Many people divide insurance agencies into categories based on the kind of insurance they sell. However, there is a second important way the insurance industry categorizes agents: captive agents vs. independent agents. The differences between captive agents and independent agents can impact the agents’ daily routine and what type of insurance they specialize in. It can also determine what income can be reasonably expected while working within that sector of the insurance industry.

Understanding the differences between captive agents and independent agents is vital for those deciding how they want to work in insurance. If you are getting ready to enter the insurance industry, these basic distinctions will help you decide on being a captive agent or an independent agent. 

Captive Insurance Agents

Captive agents are also called exclusive insurance agents. Captive agents work under contract for one insurance company. This means that they only sell that insurance company’s products and policies. Insurance companies generally provide their captive agents with a lot of support in return for their loyalty. This can include access to administrative staff and resources, an office or cubicle, and additional support resources. Whenever customers contact insurance companies about their policies, they will inevitably be referred to captive agents in their same locale. 

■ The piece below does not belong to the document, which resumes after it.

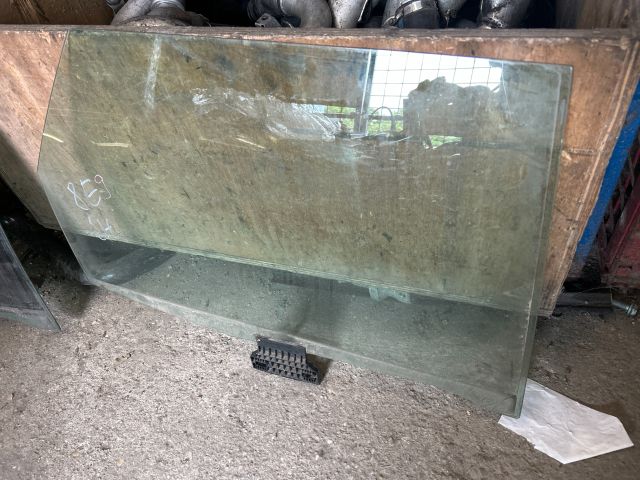 bontott AUDI A4 B7 Jobb hátsó Ablak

Independent Insurance Agents

On the other hand, independent agents have no work contracts with any one insurance company. Instead, independent agents sell products and policies from several insurance companies. Independent agents work under a different style of contract with multiple companies to offer their products and coverage. Since independent agents work on such nonexclusive terms, insurance companies generally do not provide them with as much or any administrative and workspace support. 

Despite having no access to the same support resources that captive agents receive, independent agents gain the flexibility of being able to sell to their clients products from multiple insurance companies. This gives them a far wider selection than captive agents and more flexibility in tailoring policies to customers. However, independent agents cannot usually sell for companies that use captive agents. These companies almost always rely solely on their captive agents to sell their policies. This prevents their captive agents from being placed into competition with independent agents in their area.

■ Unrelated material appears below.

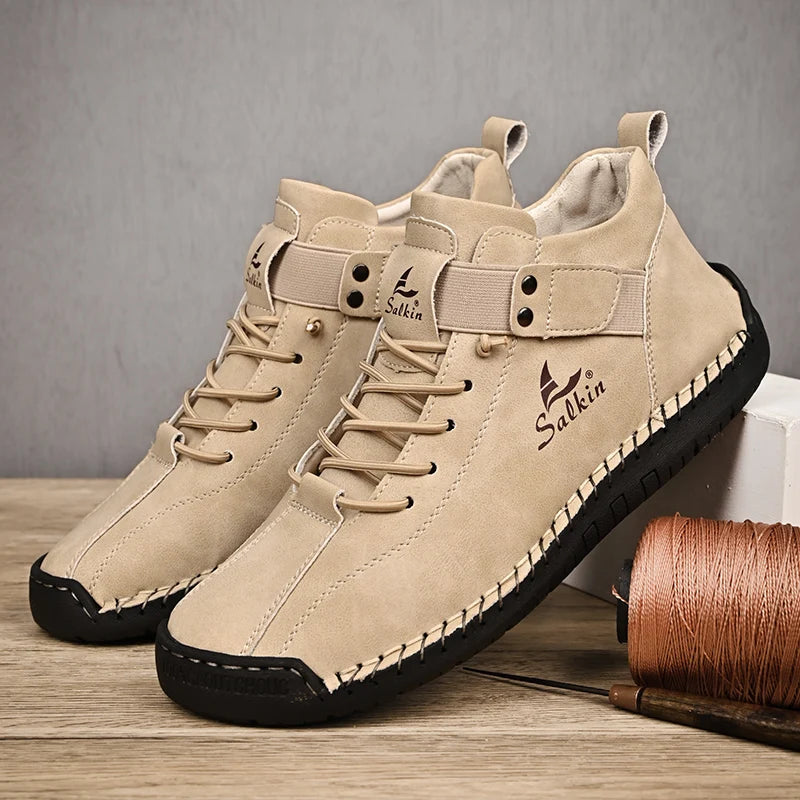 Neue 2025 handgefertigte Leder-Casual-Herrenschuhe Design Sneakers Männer atmungsaktive Lederschuhe Herren Stiefeletten für draußen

Captive Agents Vs. Independent Agents

While these differences are significant, perhaps the most important difference is in what each type of agent can expect to make. Independent agents tend to make more on each sale they make. In some cases, independent agents can even make 50 percent more than captive agents on each sale. However, independent agents also have to pay for their own overhead costs. That means that a big chunk of their profits is spent on their own business upkeep.

Captive agents receive lower commission rates on every sale, but they also receive partial or total compensation for their overhead from the company they are contracted with. Additionally, they often receive a salary on top of their commissions. Independent agents may have higher earnings potential, but the stability and support offered to a captive agent generally mean their income is more stable and consistent over time. Higher overhead often leads independent agents to form partnerships with other independent agents to form their own company. This lets independent agents share the financial burden of operating their businesses.

Making the Decision

Whether being a captive agent or an independent agent is truly the best choice varies for each individual. Some people value the support and resources offered by a single company. Others prefer to strike out on their own and forge their own path. Each type of agent has unique advantages and drawbacks, but each person has to decide for themselves which is the right fit for them.